Proposals for the Derry Road elementary school came before the voters again in March 1998 with a $7.5 million bond issue to build on land adjacent and south of Alvirne High School. A separate warrant article proposed 1/2 day Kindergarten at a cost of $1.8 million for 10 classrooms, with 75% being funded by the state. The voters of Hudson rejected both articles.
Long term Superintendent Peter Dolloff retired and within three years Randy Bell was hired as Superintendent. With this new leadership the School Board, School Administration, parents and individuals of Hudson worked together in order to solve the problems of space and class sizes within our schools. Focusing on the building issues a $17.6 million warrant article was presented to the deliberative session on February 2000 which included the cost of the land plus construction of a new elementary school on land adjacent to Alvirne as well as renovations and an addition to Memorial school. When the votes were counted in March this proposal was approved. This was a landmark decision by Hudson voters. The School Board gave credit to the community and various committees working together.
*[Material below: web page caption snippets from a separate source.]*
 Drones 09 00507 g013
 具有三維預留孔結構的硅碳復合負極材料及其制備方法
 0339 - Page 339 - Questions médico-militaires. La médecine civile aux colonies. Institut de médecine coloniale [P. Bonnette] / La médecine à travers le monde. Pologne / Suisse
Under the direction of the Building Committee Chairman, Bernard C. Manor, the new school was scheduled for completion for September 2001. The improvements at Memorial School were scheduled for Spring 2002.
By the beginning of the 2001 school year Hills Garrison was completed so as to provide elementary education for 512 students in grades 1-5 plus facilities for pre-school. The total school enrollment for Hudson that year was 4,100. The photo of the Hills Garrison School is courtesy of the Hudson School District.
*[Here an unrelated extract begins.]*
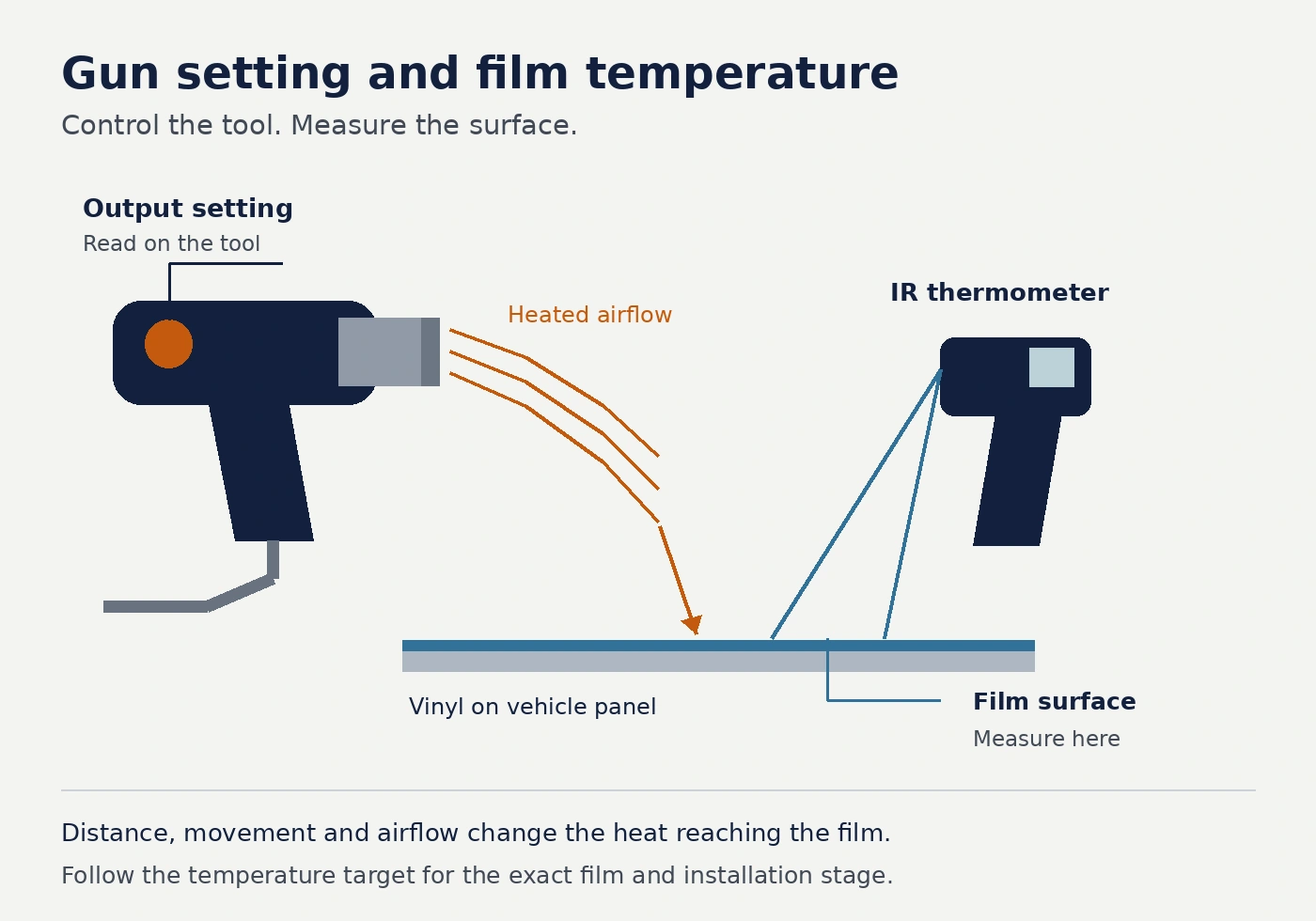 Diagram showing heat-gun output control and a separate infrared thermometer measuring the vinyl surface on a vehicle panel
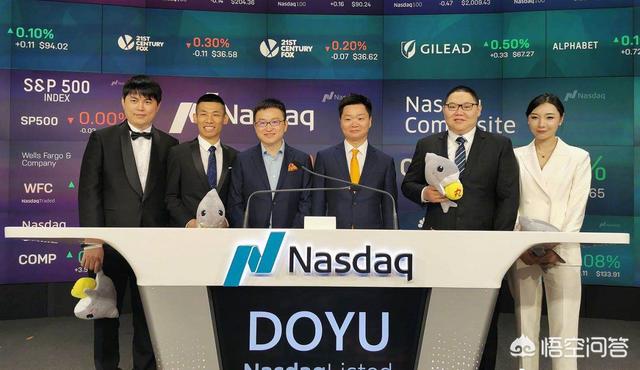 千股千评！斗鱼股票“口碑载道”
On October 6, 2001 Hills Garrison school was officially dedicated to the citizens of Hudson for their generosity, support, and devotion to the students of Hudson. The school was named for the long standing contribution to the town by the Hills Family. A brief history of the Hills family was a part of this dedication. Paul Hills, a direct descendent of Joseph Hills, and members of his family were present for this event. The photo of the dedication plaque is provided courtesy of the Hills Garrison School staff.
A short time later the Hills Garrison marker was relocated onto the grounds of this school from it’s Webster Street location where it had been placed by Kimball Webster in 1901. Photo of garrison marker on school ground is courtesy of the author.
Public kindergarten and more specifically the responsibility for funding continued as a discussion point until 2009 when, after years of debate and discussion the Hudson school system provided 1/2 day Kindergarten.